[Material for the task Boundary: Start]

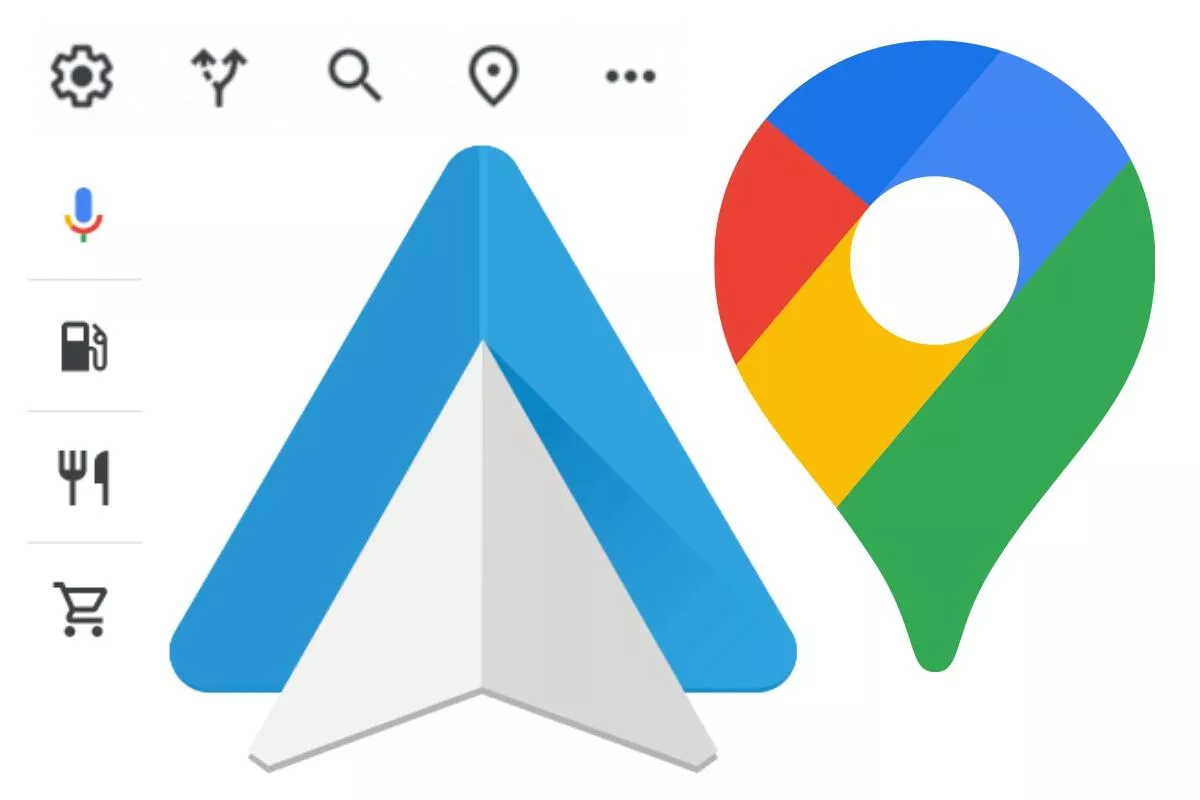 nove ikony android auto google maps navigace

[Material for the task Boundary: End]
[Material for the task Boundary: Start]

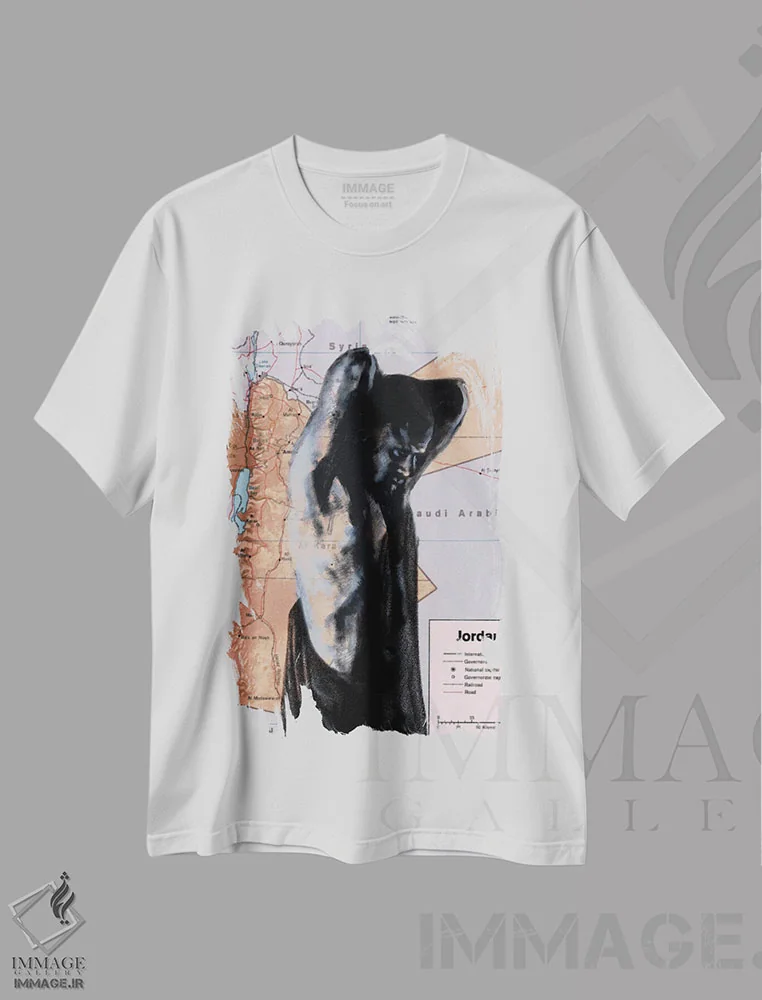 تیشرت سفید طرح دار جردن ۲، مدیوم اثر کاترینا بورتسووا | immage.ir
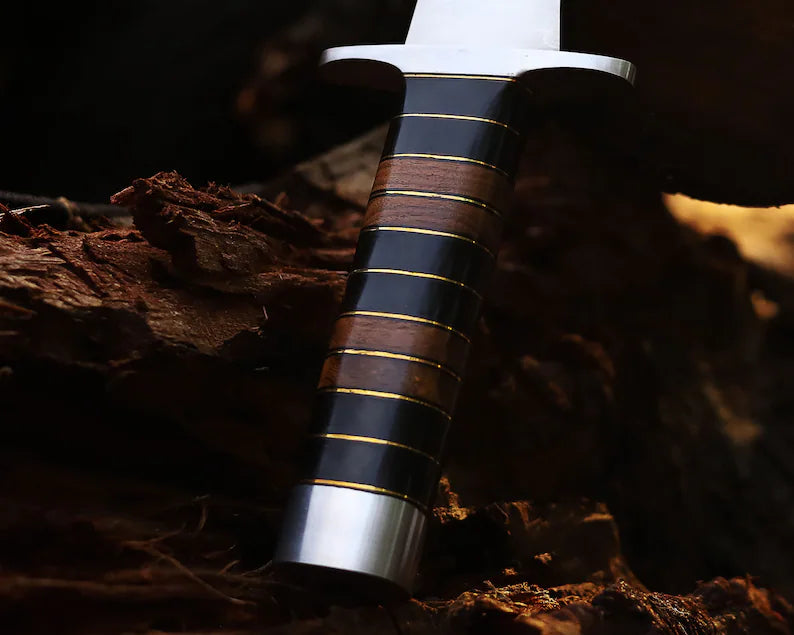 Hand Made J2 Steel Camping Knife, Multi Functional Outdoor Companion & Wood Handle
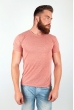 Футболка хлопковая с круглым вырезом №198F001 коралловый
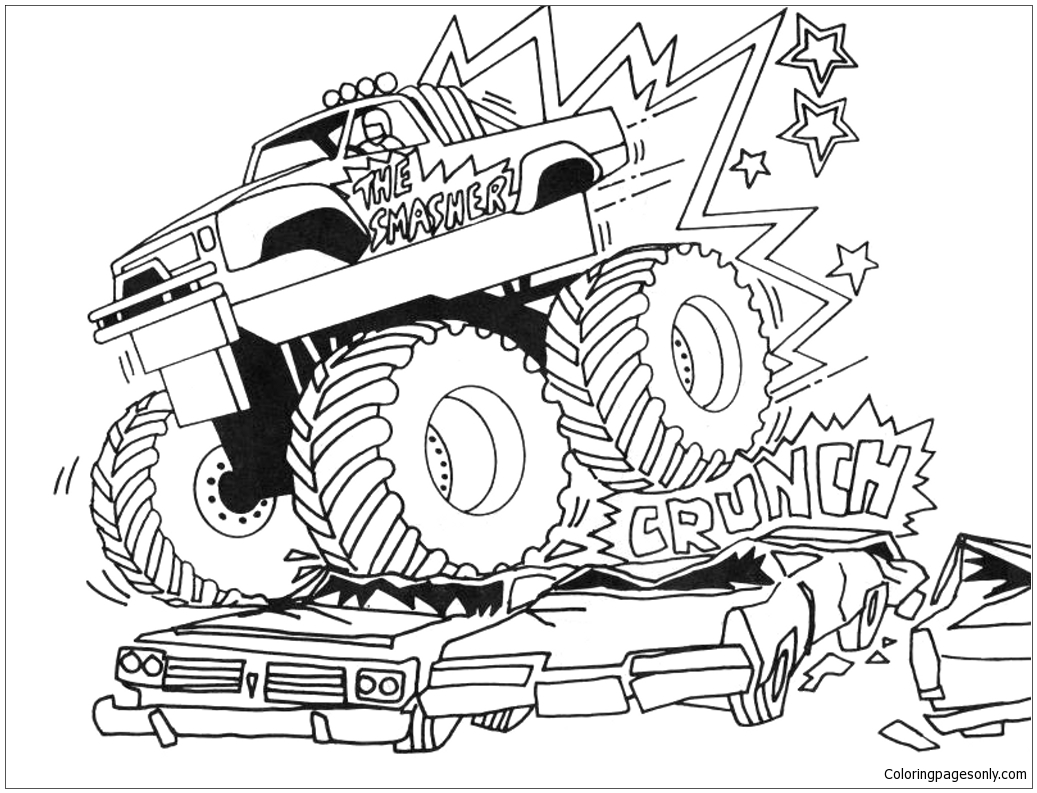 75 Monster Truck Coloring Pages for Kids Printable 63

[Material for the task Boundary: End]

Problem details: Output exactly the lines above that lie between the line with "Футболка хлопковая с" and the line with "75 Monster Truck", those two lines included, and no pictures.

Exercise solution:
 Футболка хлопковая с круглым вырезом №198F001 коралловый
 75 Monster Truck Coloring Pages for Kids Printable 63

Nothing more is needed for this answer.